— EXERCISE —
An exact restatement of the entire listing is needed, excluding all images.

— MATERIAL PROVIDED —
*** Begin section ***

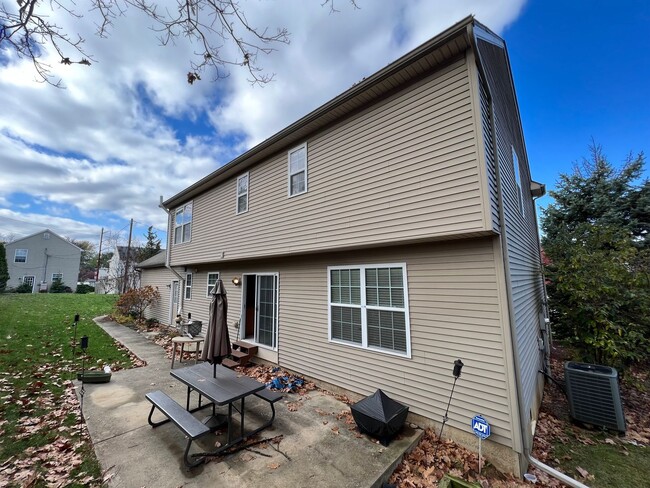 Building Photo - Available NOW 3BR HOME in Whitehall, PA!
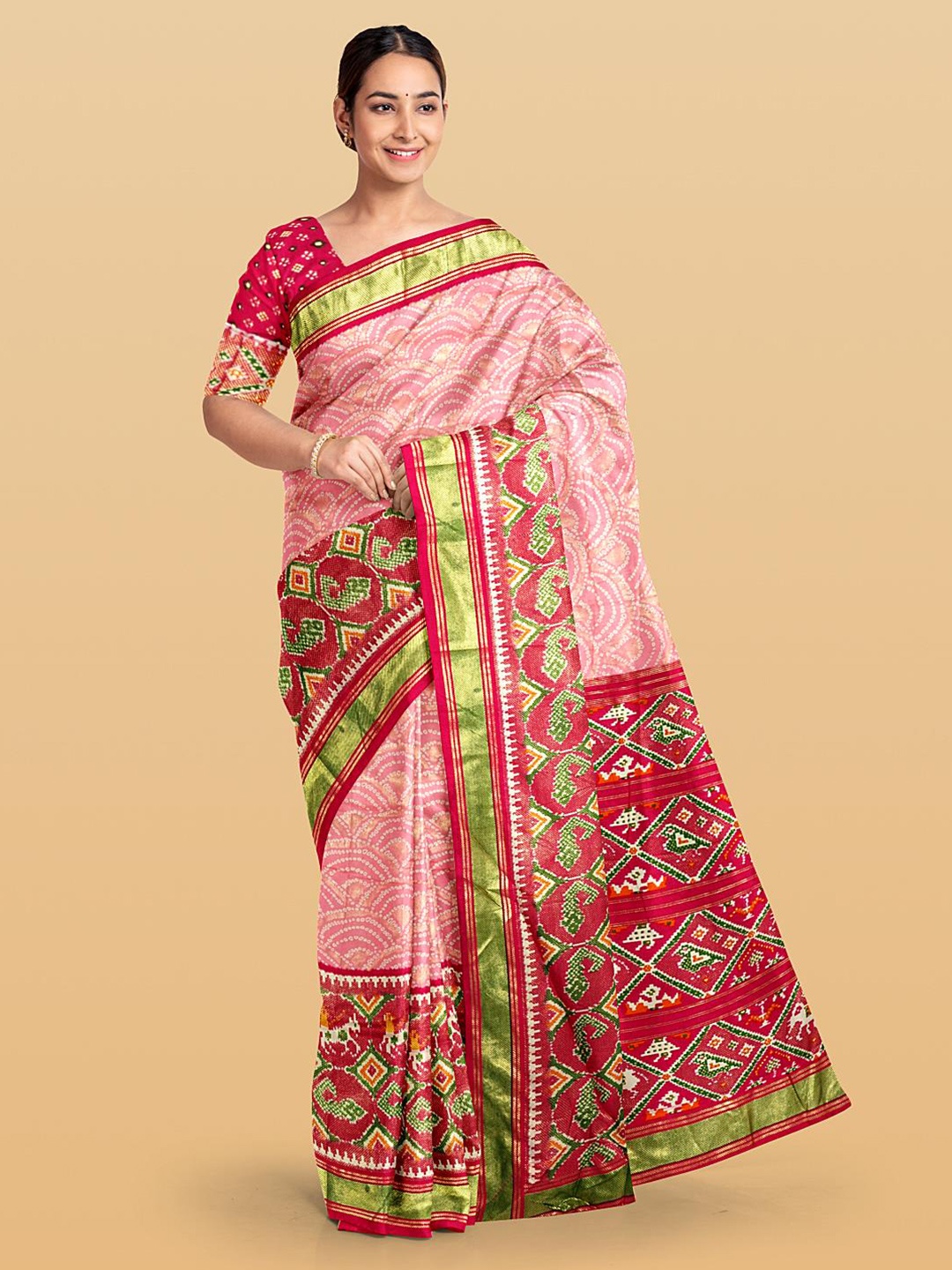 

Kalamandir Ethinic Motifs Printed Zari Saree, Pink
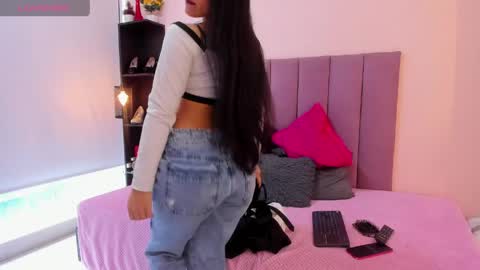 canndy_lover online show from June 5, 2026, 1:17 pm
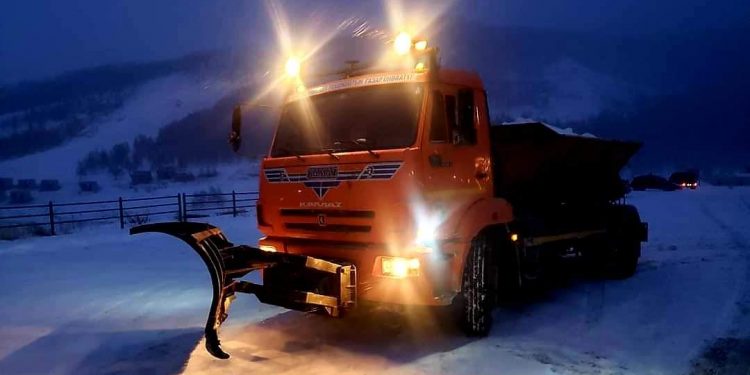 35 тонн бодис, 134.8 тонн давс, 12 тонн хайрга цацаад байна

*** End section ***

— RESPONSE TO THIS TASK —
 Building Photo - Available NOW 3BR HOME in Whitehall, PA!

Kalamandir Ethinic Motifs Printed Zari Saree, Pink
 canndy_lover online show from June 5, 2026, 1:17 pm
 35 тонн бодис, 134.8 тонн давс, 12 тонн хайрга цацаад байна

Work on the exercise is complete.